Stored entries
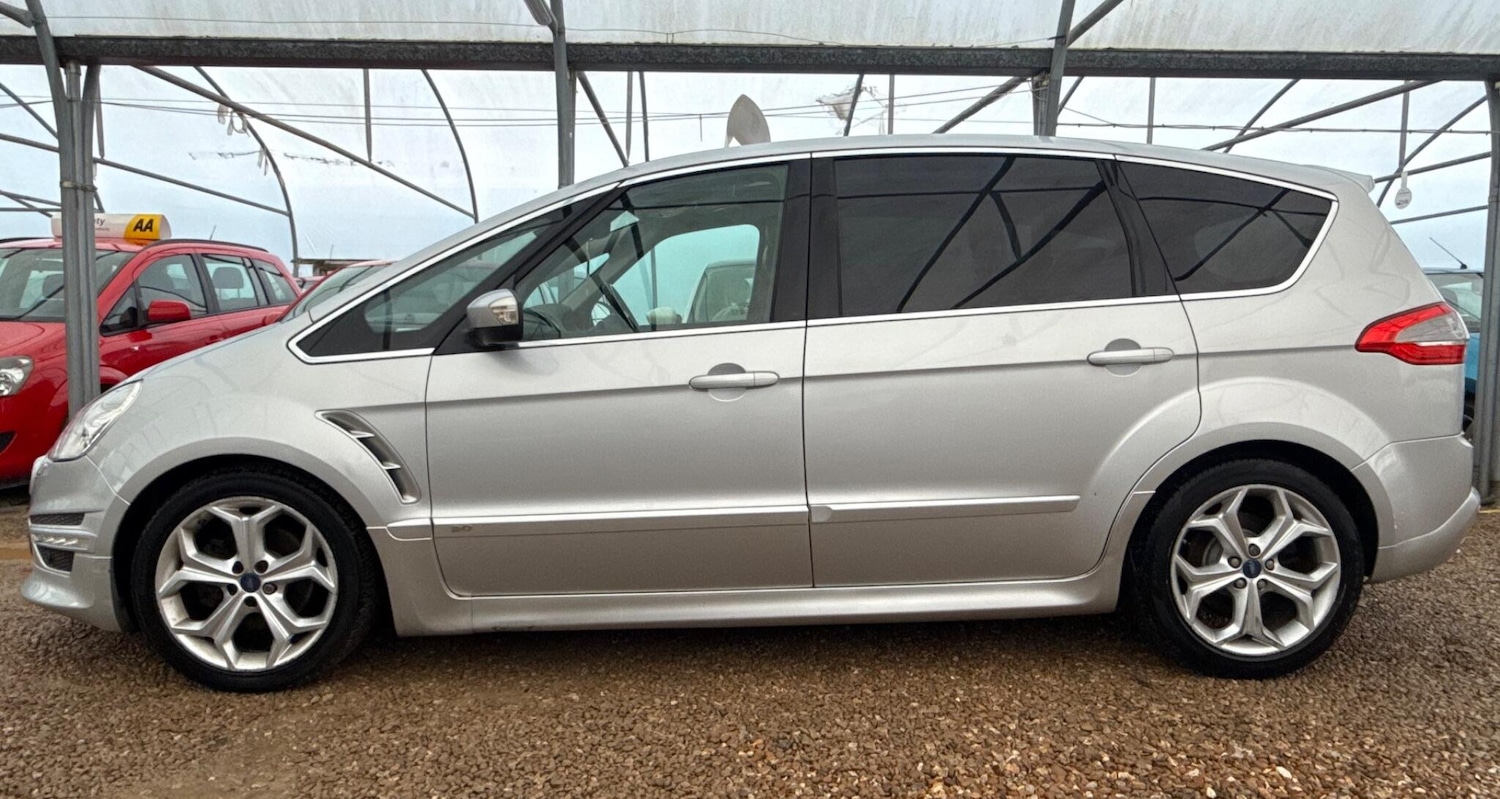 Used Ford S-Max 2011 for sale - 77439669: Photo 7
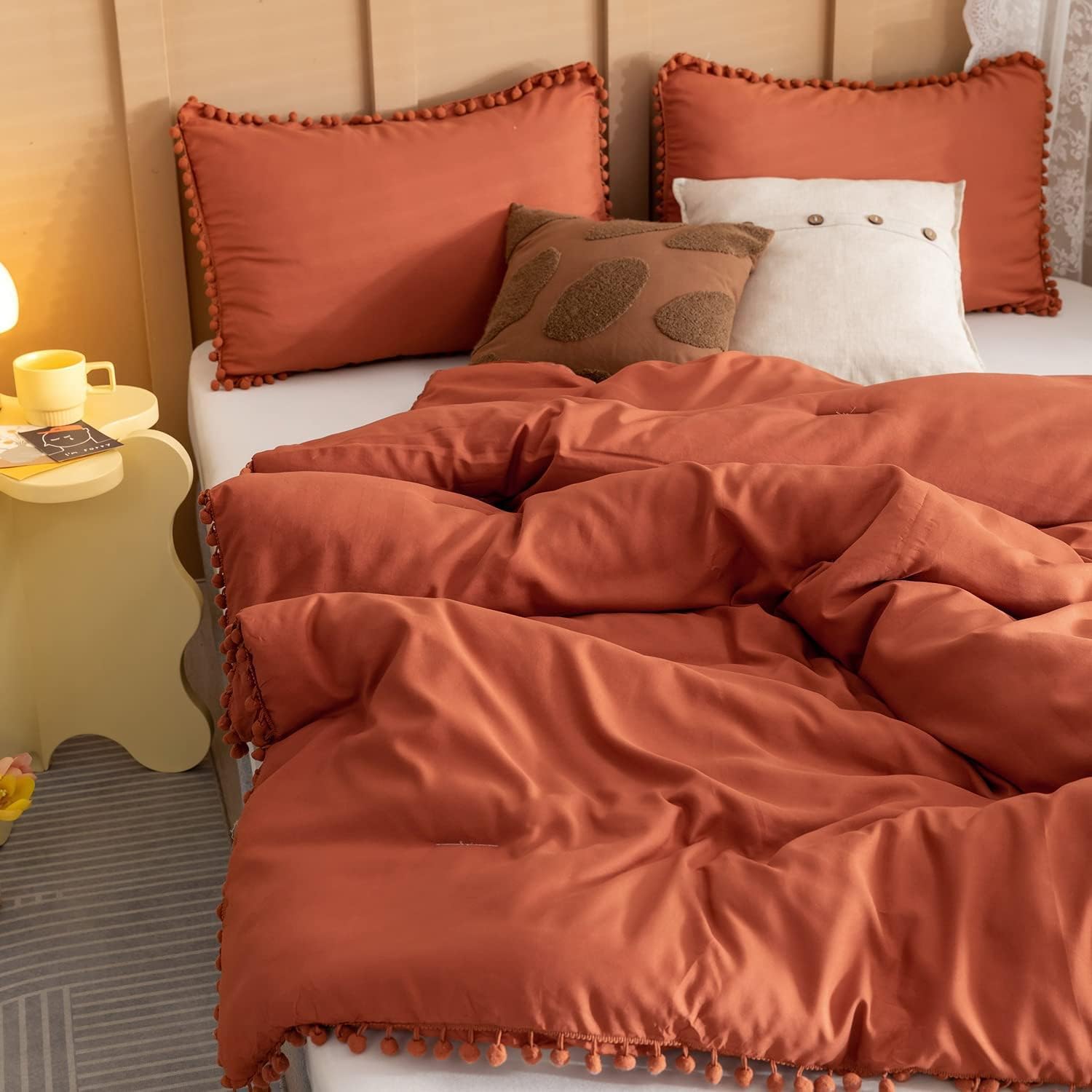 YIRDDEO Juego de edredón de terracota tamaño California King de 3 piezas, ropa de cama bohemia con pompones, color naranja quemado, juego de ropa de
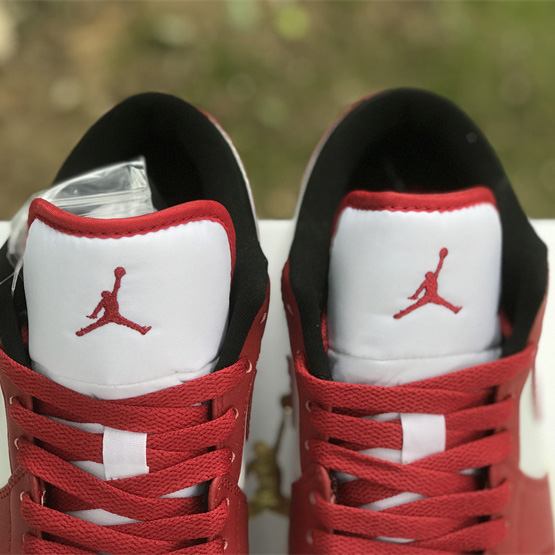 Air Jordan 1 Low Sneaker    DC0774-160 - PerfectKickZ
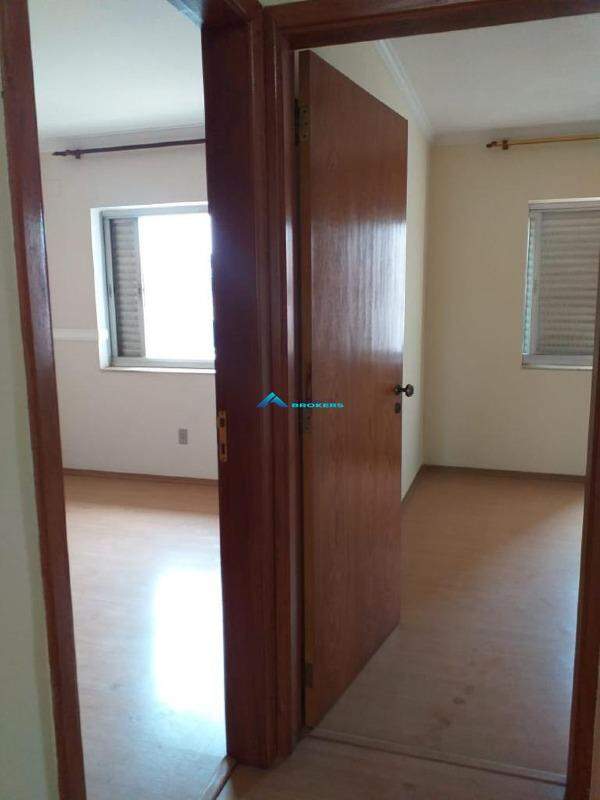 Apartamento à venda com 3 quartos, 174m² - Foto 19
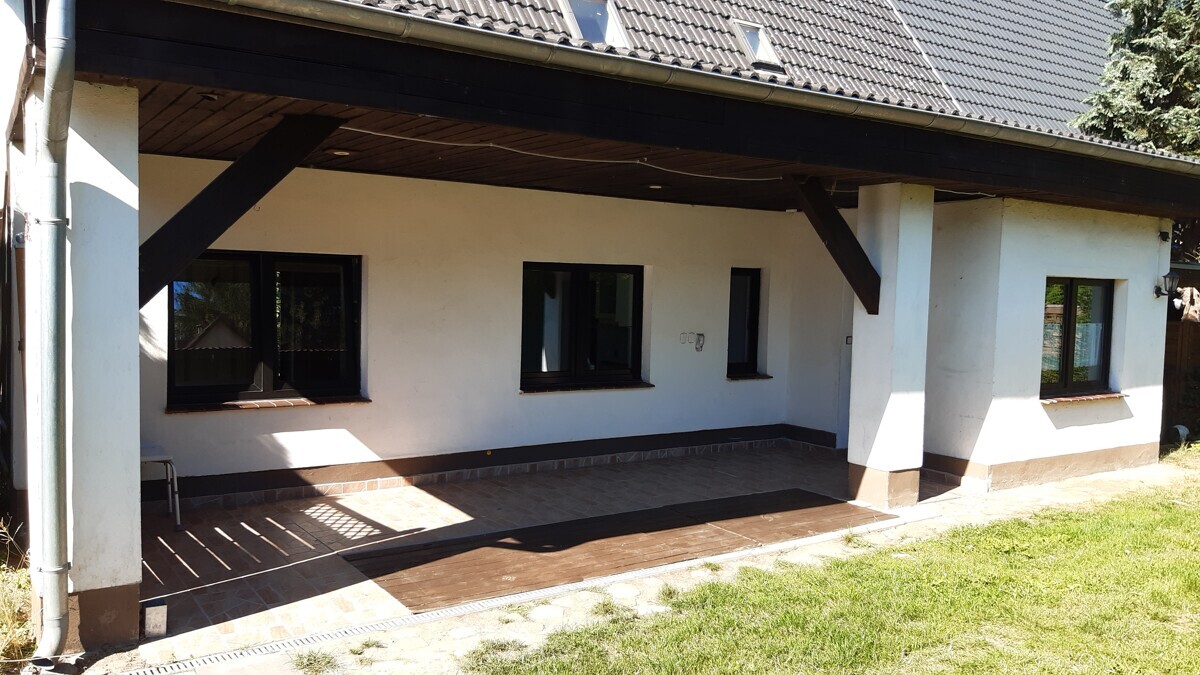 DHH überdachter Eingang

_TASK INSTRUCTIONS_. Copy out all the data without changing anything, and drop the pictures.

_OUTPUT_.
 Used Ford S-Max 2011 for sale - 77439669: Photo 7
 YIRDDEO Juego de edredón de terracota tamaño California King de 3 piezas, ropa de cama bohemia con pompones, color naranja quemado, juego de ropa de
 Air Jordan 1 Low Sneaker    DC0774-160 - PerfectKickZ
 Apartamento à venda com 3 quartos, 174m² - Foto 19
 DHH überdachter Eingang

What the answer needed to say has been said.